Objective: We studied how the ranking order of antibiotic use in different Finnish acute care hospitals changed compared to the observed rankings when the use data was adjusted according to various patient case-mix variables.
Methods: Data on antibiotic use was collected during the national healthcare-associated infection (HAI) prevalence survey in 2005 in Finland in all five tertiary care, all 15 secondary care and 10 (25% of 40) other acute care hospitals. Use of antibiotics in Anatomical Therapeutic Chemical Codes J01 and P01 was measured by use-days/100 patient-days during a 7-day window period and the prevalence of >2 antimicrobials during the study day. Case-mix-adjusted antibiotic use was calculated by using a multivariate logistic regression model and an indirect standardisation method. Parameters in the model included age, sex, severity of underlying disease as measured by McCabe classification and Charlson index, intensive care, hematology, preceding surgery, respirator, central venous and urinary catheters, community-associated infection, pneumonia and bacteraemia as a HAI, other types of HAI and contact isolation due to MRSA.
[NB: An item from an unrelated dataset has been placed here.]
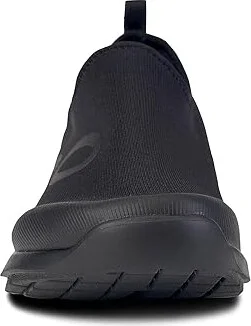 OOFOS Women's OOmg Sport Shoe Women's Shoes Black : 6 M, Textile - Image 5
Results: Of the parameters included in the model, all but preceding surgery, intensive care, respirator and Charlson index remained significant predictors of antibiotic use. The mean observed antibiotic density was 62 use-days/100 patient-days (range by hospitals, 46-99) and the case mix-adjusted use density ranged from 49 to 114. The ranking order changed one position in 12 (40%) hospitals and >2 positions in 15 (50%) hospitals when the case-mix adjusted figures were compared to those observed. In 24 hospitals (80%), the observed antibiotic use density was lower and in 15 (50%) the use density ranking position was lower than expected by the case-mix adjusted use density or ranking order, respectively. The mean of 15% of patients in all hospitals (range by hospitals, 7-29%) received > 2 antimicrobials during the study day.
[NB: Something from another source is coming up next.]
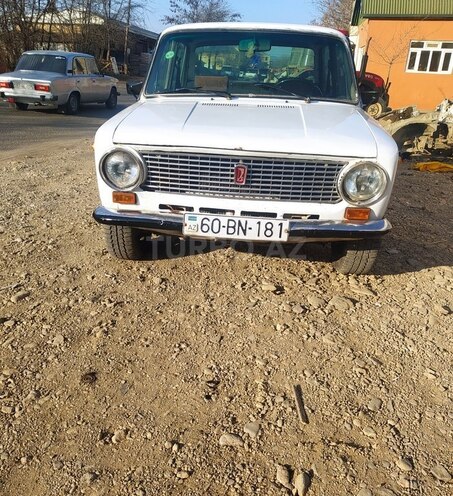 LADA (VAZ) 21011 1984, 67,647 km - 1.3 l - Tovuz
Conclusions: Patient casemix-adjustment of antibiotic use ranked the hospitals differently from the ranking by observed use. It might be a useful tool for benchmarking hospital antibiotic use. To explore differences in use or possibilities for improvement, adjustment is essential. The variables we used in the model were all related to patient characteristics. However, the best set of easy and widely available parameters that would describe both patient material and hospital activities (e.g. organization type, use of step down units) in terms of antibiotic use is yet to be determined.